Responding to the gospel isn’t just about believing in Jesus—it’s about surrendering to Him. It’s about laying down our version of success and picking up His mission. It’s about realizing that we don’t live for the temporary, but for the eternal.

Hearing vs. Responding

The greatest battle we face today isn’t external—it’s internal. The battle of self versus surrender. The world says, Live for yourself, but Jesus says, Live for Me. The world says, Find your truth, but Jesus says, I am the truth. The world says, You are enough, but the gospel says, You need a Savior.

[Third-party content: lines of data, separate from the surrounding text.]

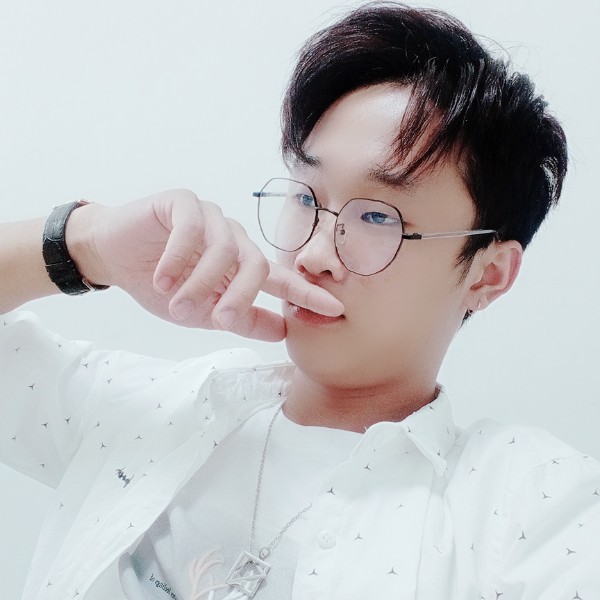 曲奇有淡然的照片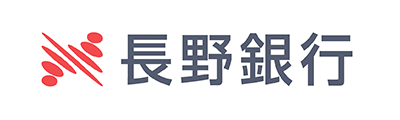 銀行口座払い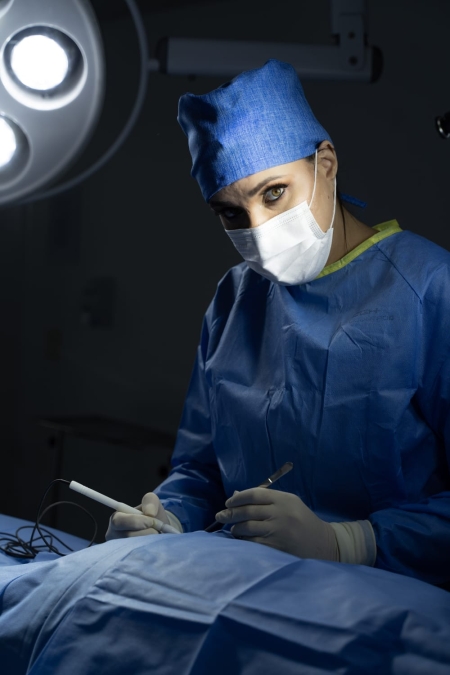 dra raissa carvalho – endoscopia em bh 5 dra raissa carvalho - endoscopia em bh 5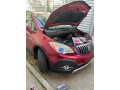 mobile-auto-body-repair-small-1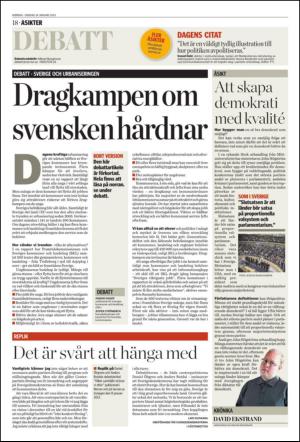 norran_del2-20130116_000_00_00_018.pdf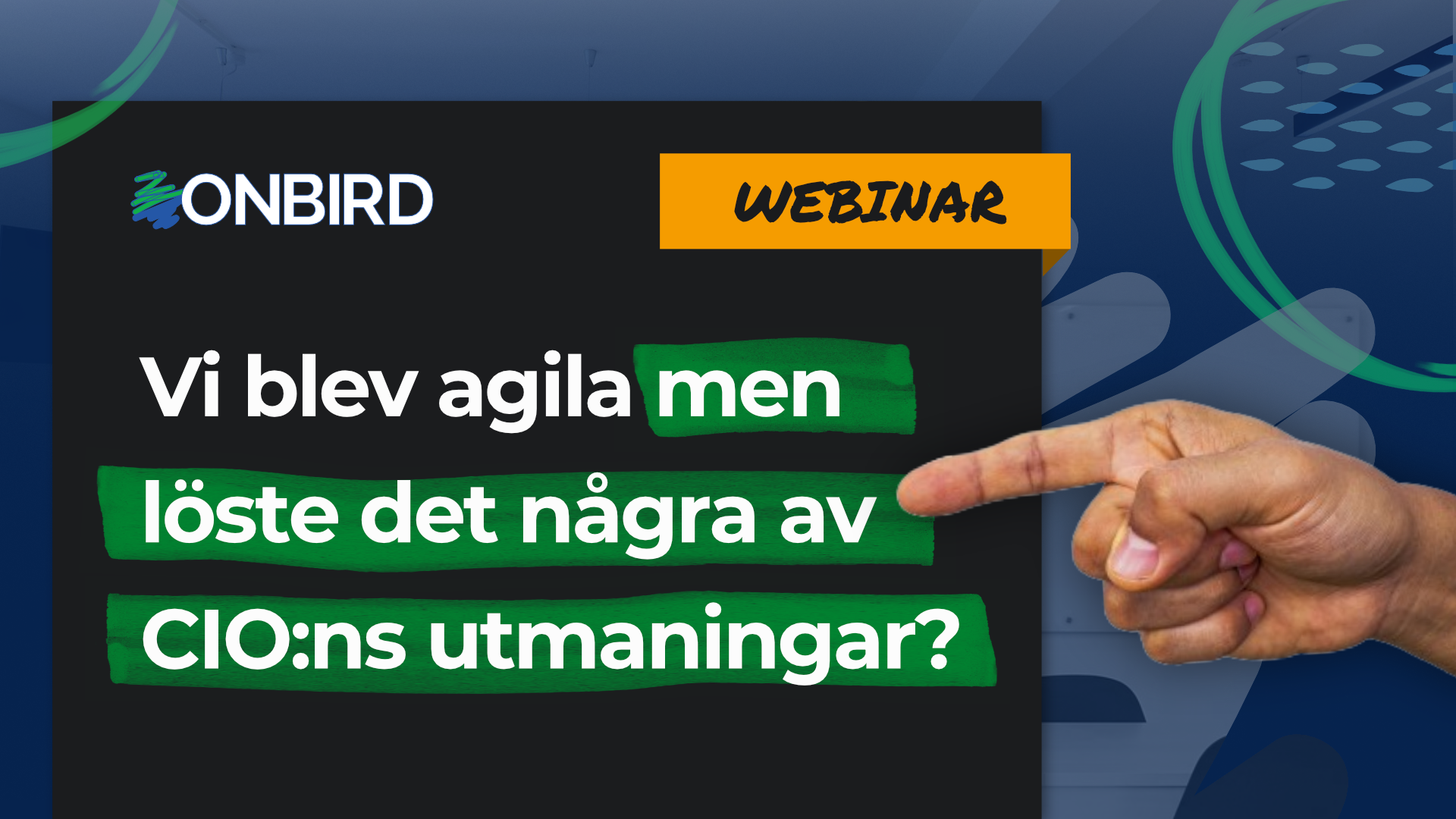 Webinar-CIO-utmaning Webinar-CIO-utmaning 2024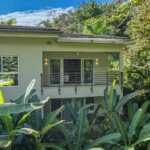 Luxury 3-Bedroom Penthouse Condo at Elan at Playa Ballena with Community Pool & Easy Walk-to-Beach in Bahia Ballena Costa Rica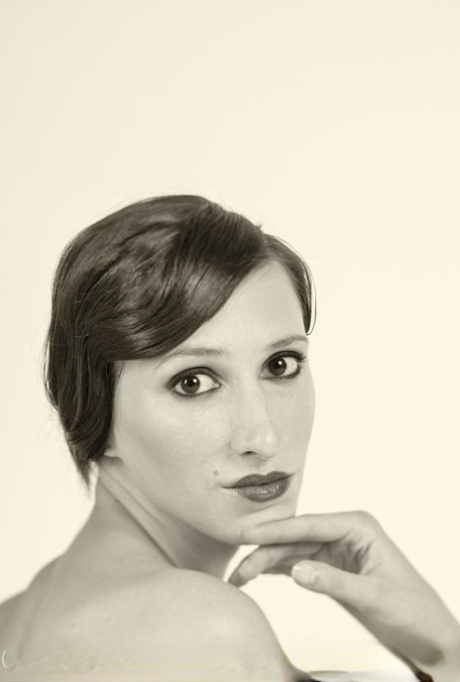 vintageklassiker sexet hd arkiv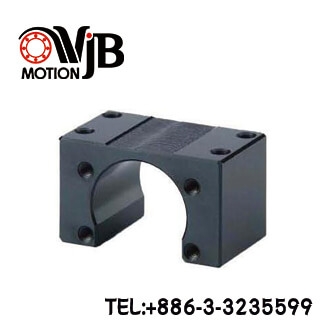 wjb mc screw support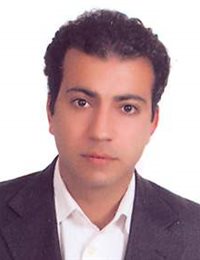 وکیل مرتضی یزدانیار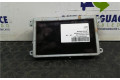 Блок управления навигации (GPS) 6349D057616748   Audi A6 S6 C4 4A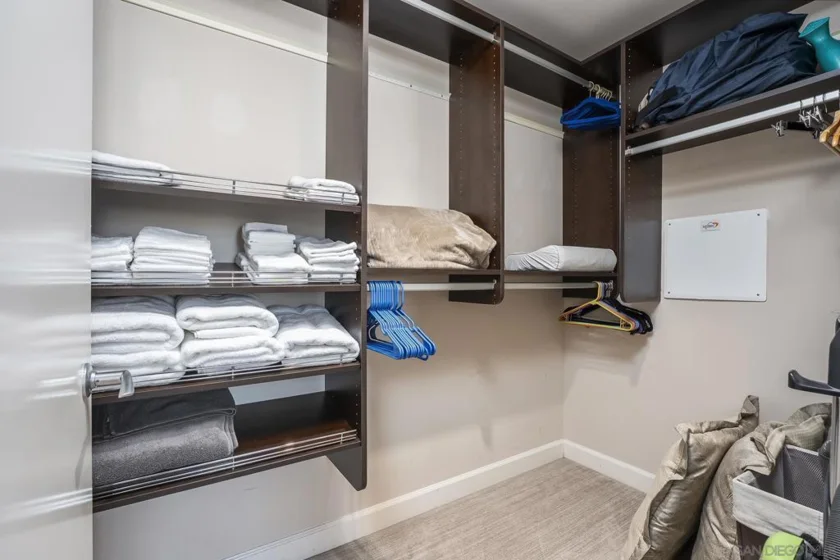 1262 Kettner Boulevard #2203 photo 17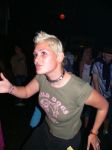 Elektra - Fléda - 19.5.06 - 2. ?ást - fotografie 72 z 75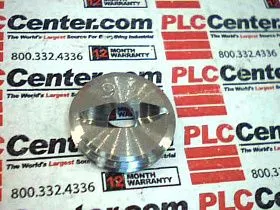 Реле / розетка Артикул 9E от производителя AES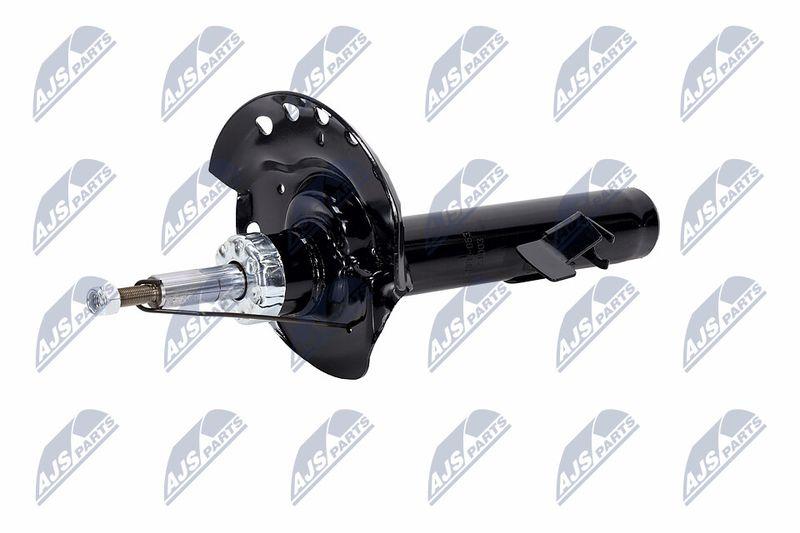 Amortisseur NTY A-FR-053
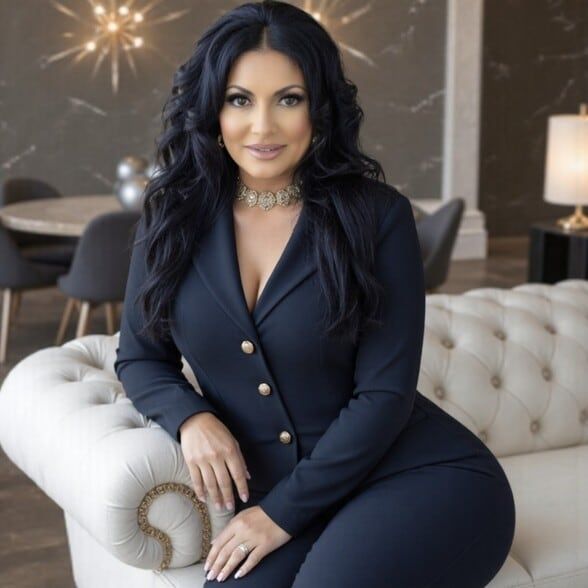 Land Listing Agent Photo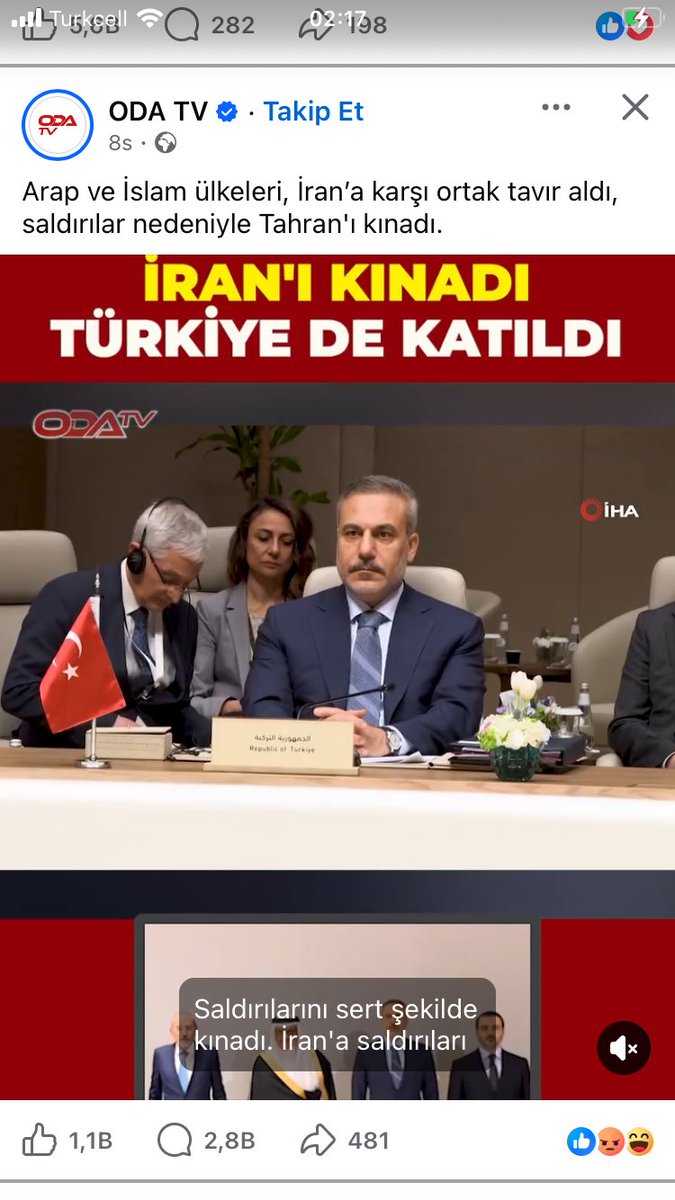 ben_o_degilim tweet media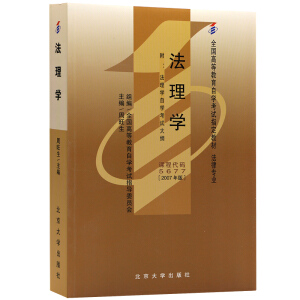 ����W(xu��)��2007��棩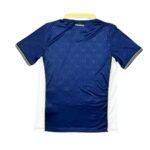 camisa-panama-azul-copa-2026-27-third-iii-masculina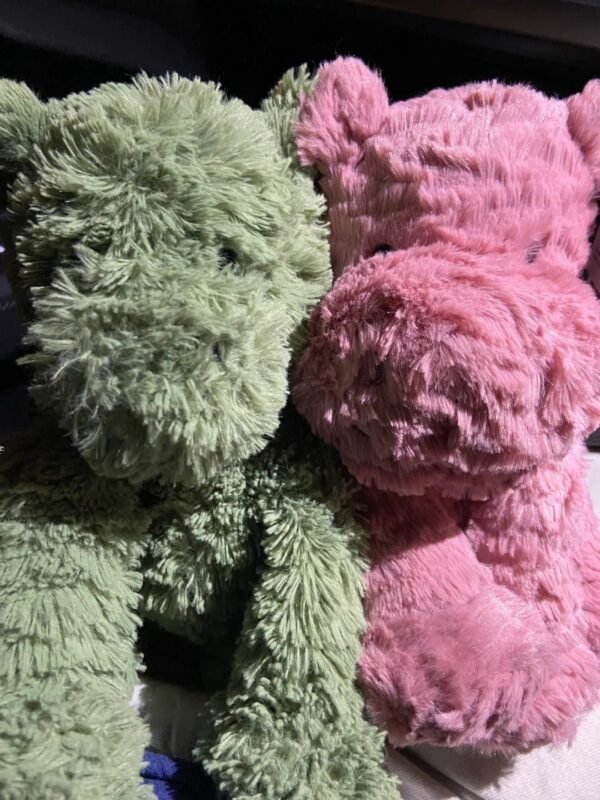 Image #1 from Brooke Kelly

And the difference between those two perspectives is the difference between just hearing the gospel and actually responding to it.

Paul understood this when he wrote to the Romans, pleading with his people to stop relying on their own efforts and fully surrender to Christ:

📖 Romans 10:1-4 (NASB 1995) “Brothers and sisters, my heart’s desire and my prayer to God for them is for their salvation. For I testify about them that they have a zeal for God, but not in accordance with knowledge. For not knowing about God’s righteousness and seeking to establish their own, they did not subject themselves to the righteousness of God. For Christ is the end of the Law for righteousness to everyone who believes.”

The Call to Respond

Many people in church today are religious, active in ministry, and passionate about good works—but they have never fully surrendered to Jesus. Like the Jews Paul was writing to, they may have enthusiasm for God, but it is not based on true faith in Christ.

📖 John 5:39-40 (NASB 1995) “You examine the Scriptures because you think that in them you have eternal life; and it is those very Scriptures that testify about Me, and yet you are unwilling to come to Me so that you may have life.”

Passion without truth is dangerous, and truth without application is useless. You can know the Bible from cover to cover, but if you don’t know Jesus, you’re still lost.

God isn’t impressed by how much you know—He’s moved by how much you obey. The worst deception isn’t ignorance—it’s thinking you’re right with God when you’re not. The gospel is not for head knowledge—it’s for life change.

Responding to the gospel means more than hearing it. It means surrender. It means obedience. It means living for Jesus instead of ourselves.

Have you just heard the gospel? Or have you responded to it?